Temperature control of the sample bath was implemented by two independent proportional-integral-derivative (PID) loops, with one heater (zone) per loop. The power supply for both of the heaters was the CryoCon model 32B temperature controller (CryoCon, California, USA). This controller was selected because it has very stable current outputs over three decades of power; thus a wide range of temperatures can be accessed with uncompromised stability, provided the overall design is properly insulated. Both outputs of the 32B are linear current supplies. The larger heater in loop 1 used the 50 W, 50 Ω radio frequency interference (RFI) filtered output while the small heater in loop 2 used the 10 W, 50 Ω output.

Loop 1 was used to heat the bulk of the water in the bath, and loop 2 was used to maintain a stable temperature at the copper sample holder. In loop 1, heating was accomplished by a 0.125 in. [outer diameter (OD)] immersion cable immersion heater (Watlow, Missouri, USA) coiled to fit snugly to the inner perimeter of the Teflon cup such that the coil dimensions were 1.95 in. (ID) by 2.25 in. (height). A cable heater is a long cylindrical metal element coated such that it is submersible in liquid without shorting. A 2.0 in. “dead” element, which emits no heat, was included at the top portion of the heater that sticks up and out of the top of the cup; this prevents heat loss and ensures that only the hot portion of the heater was submerged. This heater was used for equilibrium measurements, such as measuring the phase transition temperature. The heater in the second control loop consisted of a smaller cable immersion heater (Watlow). Its end was curled to make a coil such that it wrapped around the circumference of the copper piece, as shown in Fig. 1. This smaller heater was 0.094 in. in diameter and 8.25 in. in length. Like the large heater in loop 1, the one in loop 2 also contained a 2.0 in. dead element. The model 32B was also used to measure the temperature, with one probe per control loop. Temperature was monitored with calibrated platinum resistance temperature devices (RTDs, 100 Ω, 1∕10 DIN (Deutsches Institut für Normung), Alltemp Sensors, Texas, USA). The probe for loop 1 was situated such that it was 0.50 in. from the bottom of the Teflon cup. The probe for loop 2 was mounted directly to the Teflon rod such that its tip contacted the copper sample chamber. Direct access to the sample by the probe was not possible because the sample is sealed from the surrounding bath water. For application to measurements of phase transitions and critical phenomena described here, the RTD was the preferred probe because it has the best stability and accuracy near room temperature; selection of appropriate temperature probes is reviewed in Tong.⁴¹

OPTICAL APPARATUS

Samples were visualized using MPM. Briefly, 780 nm, 200 fs pulsed excitation light from a titanium sapphire Tsunami laser (Spectra-Physics, California, USA) was used to excite two fluorescent probes with different emission wavelengths simultaneously in the GUV samples. The excitation light was sent to a galvanometrically controlled MRC600 x-y scanner (BioRad, California, USA), which scans the beam across the sample, and through the microscope to the GUV sample. An inverted Zeiss Axiovert 135 microscope (Carl Zeiss GmbH, Germany) is used for all studies. Fluorescence emissions are collected in nondescanned mode by external gallium arsenide phosphate photomultiplier tubes (Hamamatsu, New Jersey, USA). Fluorescence emissions and images were separated into blue and red channels by a dichroic mirror (Chroma Technologies, Vermont, USA). Emission filters (Chroma) were placed in front of the photomultiplier tubes (PMTs) to isolate the color for each channel: 490 (nm) short pass filter for the blue channel and 600∕90 bandpass filter for the red channel.
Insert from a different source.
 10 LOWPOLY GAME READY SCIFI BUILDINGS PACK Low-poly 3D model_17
LIPIDS AND GUV PREPARATION

Dioleoylphosphatidylcholine (DOPC), stearoyl sphingomyelin (SSM), cholesterol, and the probe lissamine-rhodamine dipalmitoylphosphatidylethanolamine (LR-DPPE) were purchased from Avanti Polar Lipids (Alabama, USA) and used without further purification. The probe naphthopyrene was purchased from Sigma Aldrich (Missouri, USA). Lipids, cholesterol, and probes were dissolved in chloroform, and the lipid concentration in chloroform solutions was determined using the microphosphorus assay.⁴² Vesicles were prepared according to the electroformation procedure described in Ayuyan and Cohen,⁴³ which was modified from that described by Angelova et al.⁴⁴ The details of the exact procedure are described in Morales-Penningston et al.³⁴ For imaging, aqueous suspensions of GUVs were placed between two round glass coverslips separated by Fomblin perfluorinated grease and sealed by clear nail polish. This “sandwich” was then mounted onto the copper sample holder by three clips attached to the bottom of the holder.
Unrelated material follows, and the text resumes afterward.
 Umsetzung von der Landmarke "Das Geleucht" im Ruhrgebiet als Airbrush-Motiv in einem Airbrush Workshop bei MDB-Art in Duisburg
Lipid phase behavior was observed using fluorescent probes. Fluorophores partition into different lipid phases depending on their structures.¹ If two dyes prefer different phases and emit at different wavelengths, the lipid phases are observed as two distinct colors, as depicted in Fig. 2 for SSM∕DOPC∕cholesterol=0.23∕0.27∕0.50. For the data presented here, the false red color indicated the L_d preferring probe LR-DPPE and the false blue color indicated the L_o preferring probe naphthopyrene.

Figure 2.

Dye partitioning and phase transition in a GUV. For this sample, SSM/DOPC/cholesterol=0.23∕0.27∕0.50. The black and white images depict the two different fluorescence channels at 24.600 °C prior to merging and false color assignment. The upper black-and-white image shows the LR-DPPE fluorescence (L_d phase) and the lower image shows naphthopyrene fluorescence (L_o phase). The middle image shows an equatorial section of a GUV with L_o-L_d phase coexistence at 24.600 °C and the right image shows the GUV at 35.300 °C, after it has undergone a miscibility transition. The red false color denotes the L_d phase probe LR-DPPE and the blue false color denotes the L_o phase probe naphthopyrene.

DATA COLLECTION

Profiles of temperature versus time were captured using remote operation of the temperature controller. The controller was connected to a PC via an RS232 connection, and the temperature was sampled at 5 s intervals. The CRYOCON UTILITY software provided with the instrument was used for remote instrument control. The data were then exported to a spreadsheet and plotted.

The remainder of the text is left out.